Louis Hyman began by identifying commonalities between economic conditions in the 1920s and the mid-2000s. He noted that rising economic inequality and a surge in the creation of credit products accompanied both time periods. As a historian, Hyman seeks to challenge popular narratives of history: for example, he pokes holes in the idea that people in the early part of the twentieth century were not borrowing and utilizing credit. In fact, Hyman noted, the “new” products in the market that did so much damage in the 2000s were in many cases revived versions of products that had debuted in the 1920s. Hyman argues that these products became the foundation of the new economy and contributed to a system-wide shift in risk. Hyman used a graph of wages and GDP over the twentieth century to illustrate another key point: namely, that the rise in credit since the 1960s has served as a substitute for stagnant wages. GDP continued to rise but average wages have not kept pace. He explains this trend both in its economic and cultural implications. The decline in a manufacturing economy combined with a broad cultural acceptance for credit created a system that was highly reliant on the creation of new credit products. Lending, he argues, has become disconnected from the concept of investment.

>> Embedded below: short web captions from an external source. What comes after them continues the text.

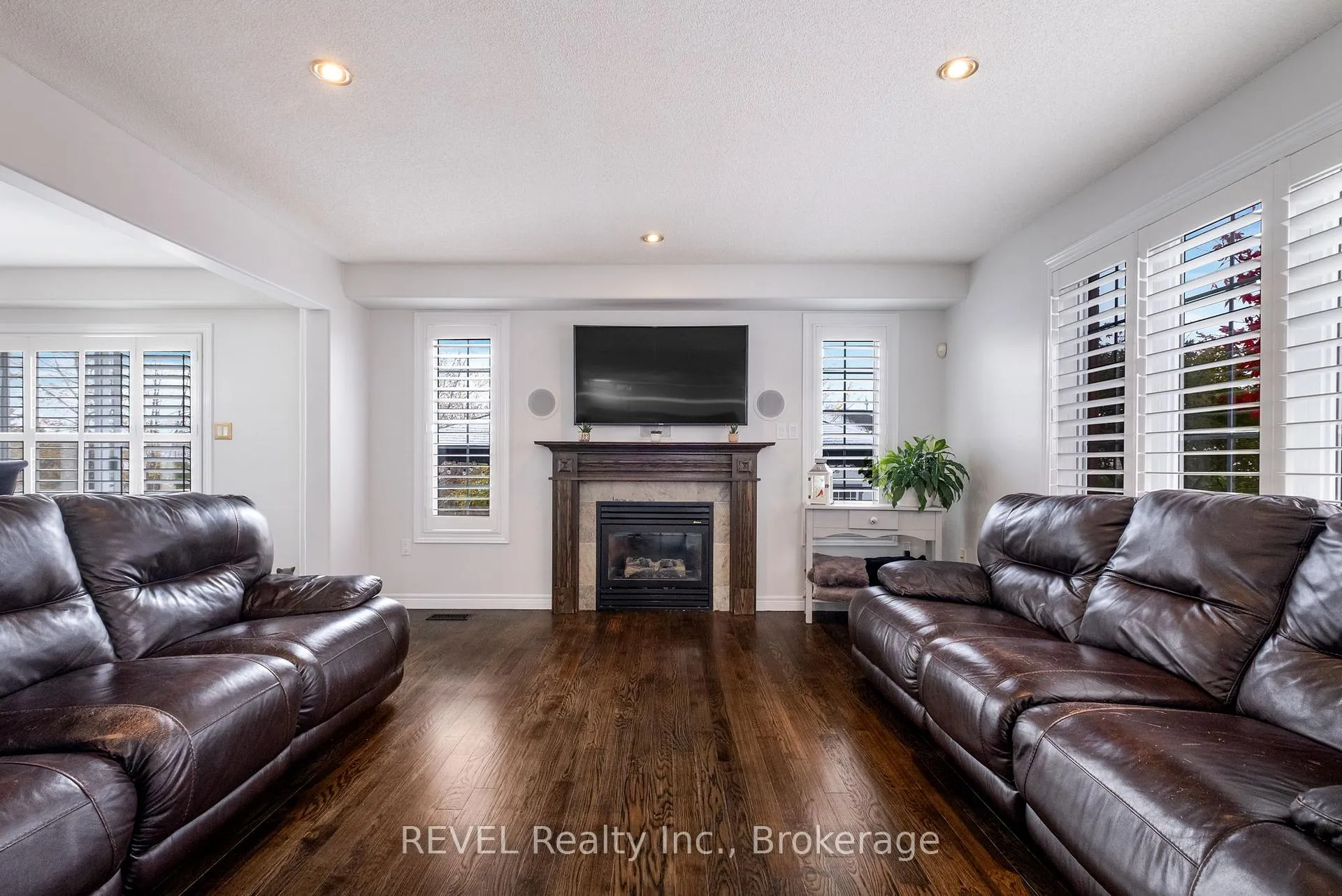 Photo 8 of 29 Springbreeze Heights, Hamilton, Stoney Creek — HOMEH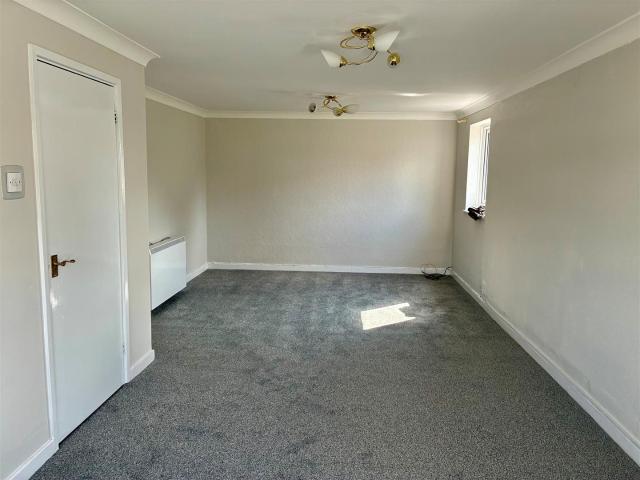 1a Lakenheath B79, 2 bedroom, Maisonette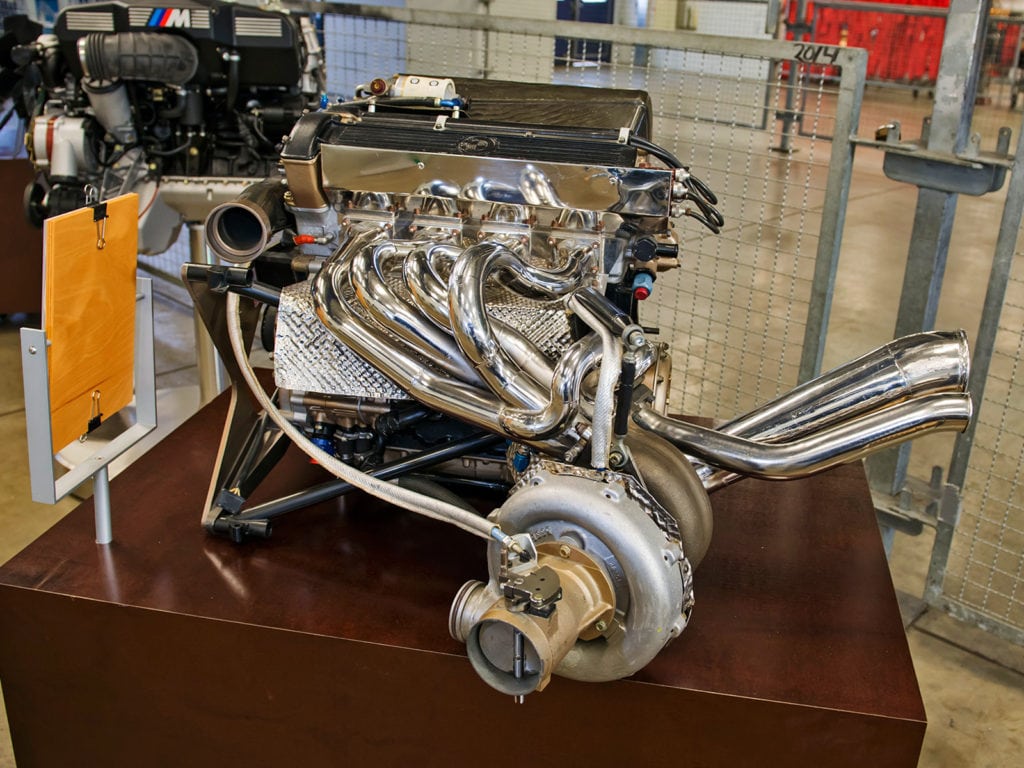 Для Формулы-1 подготовили наддувную «четвёрку» M12/13. Поначалу она развивала 690 л.с., чего откровенно не хватало.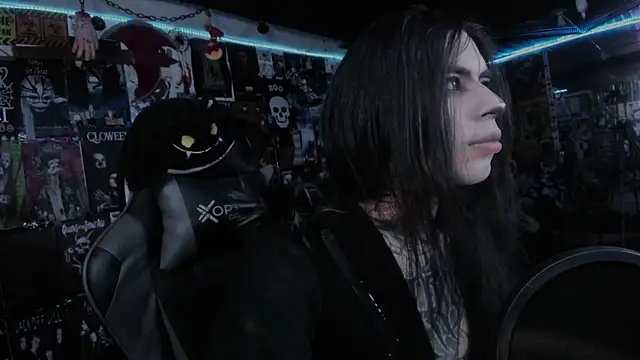 Snapshot of rotten_dreams chatting on 10-07-25, 10:55 rotten dreams online show from 10-07-25, 10:55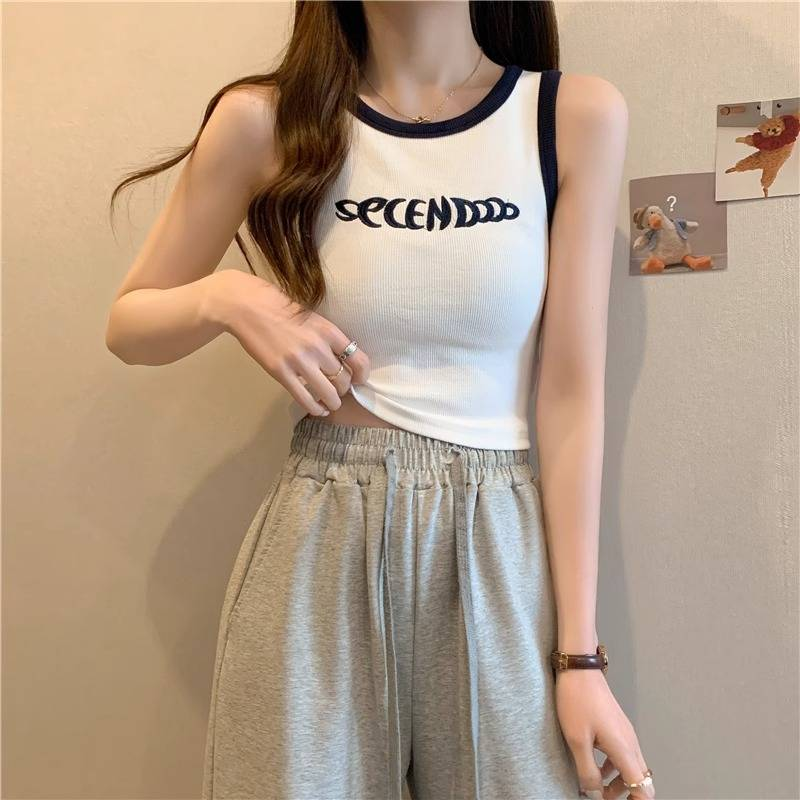 Yllään Camisole-toppi, plus-kokoinen tyttö kuuman tytön kanssa, jolla on dopamiinihihaton toppi kesällä_voghion.com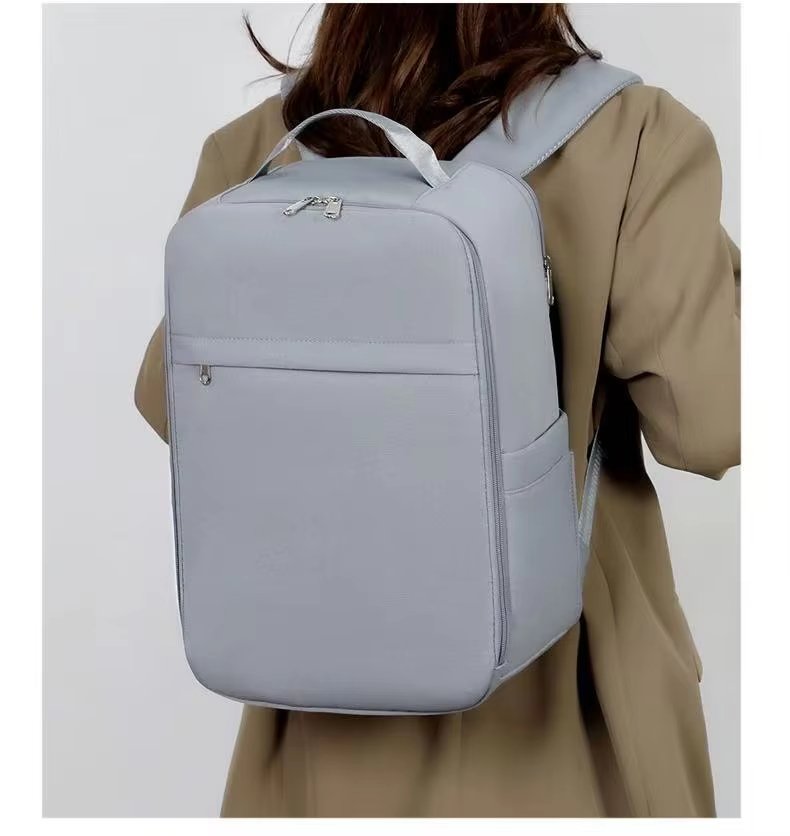 Water-Resistant Large Capacity Business Travel Polyester Laptop Backpack product detail
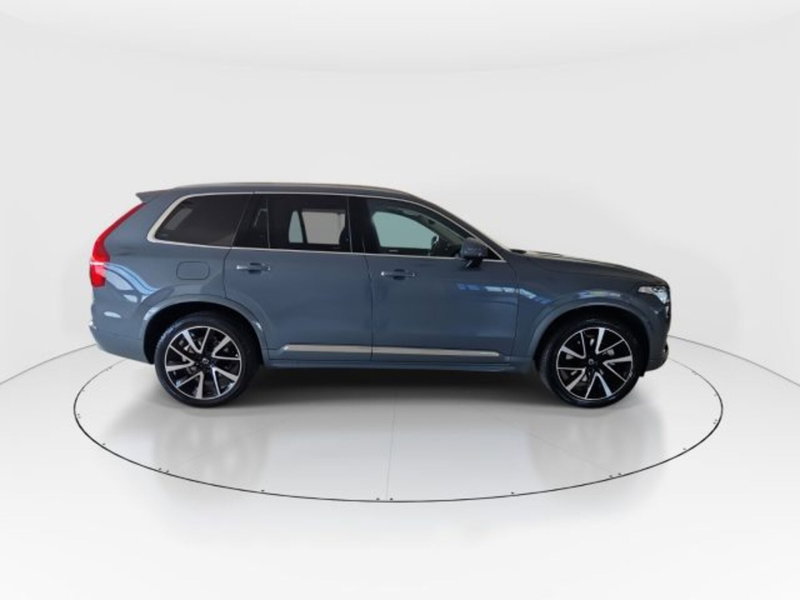 Volvo XC90 usata a Modena (9)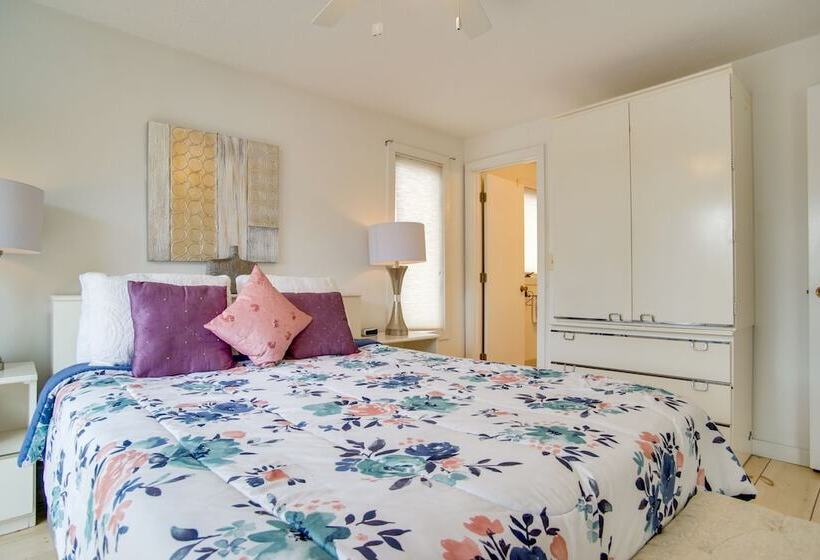 Charming Cape Cod Home W/ Patio, 2 Mi To Beach!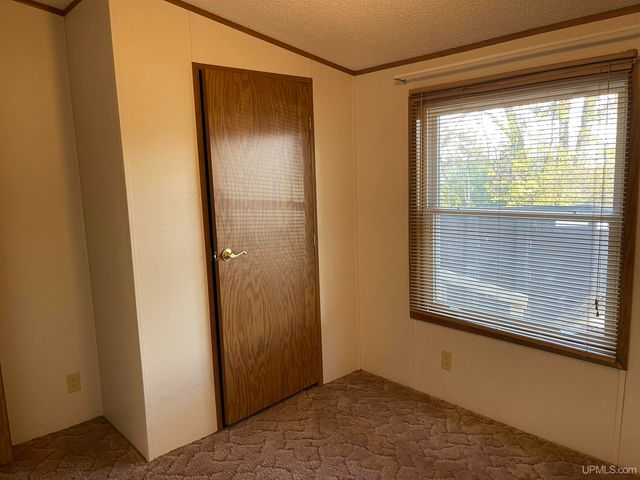 705 N Luxmore Street, Ironwood, MI 49938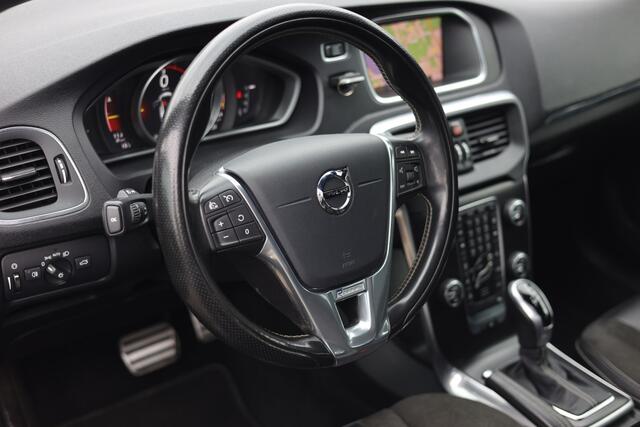 Volvo V40 2.0 D3 SPORT | R-DESIGN | AUTOMAAT | NAVI | TREKHAAK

Why, he wonders, is lending to consumers a more popular and lucrative business opportunity than lending to businesses?
Janis Bowdler argued that despite economists’ insistence, markets are not value-neutral. Instead, she points out that markets seek out the weakest link in a system and exploit vulnerabilities for profit. She also stressed that credit markets have not been experienced equally by all Americans. Americans of color and low-income people were excluded from credit opportunities for decades. In recent years, access to credit is more wide-spread but the quality of credit options remains uneven. The rise in subprime lending and racially discriminatory lending (the source of the recent $25 billion mortgage settlement) are evidence of this pattern. Bowdler remarks that as the United States shifts to a “majority-minority” nation (namely, one where people of color, not whites, are the majority) the ramifications of a “financial underclass” will be all the more pronounced. She makes the case that we must address a two-tiered credit system in order to prosper as a unified country. Bowdler also makes the case for humanizing the consumers involved in credit markets. While popular media may posit people in debt as irresponsible, most are struggling to meet basic needs and using credit is their only way to subsist in the short term. Last, she looks to define the dimensions of “good lending.” Bowdler worries that while we see examples of socially responsible lending at the micro level we have yet to see any scaled initiatives.
The question and answer session with the audience saw Hyman and Bowdler discussing the issue of financial regulation: who is best positioned to regulate the market? Both were in agreement that the consumer is frequently the least equipped to regulate markets and is therefore most vulnerable in these transactions. Audience members also pressed Hyman and Bowdler to reflect on the parallels between consumer debt and student loan debt, and more broadly on the relationship between individual debt and the national debt.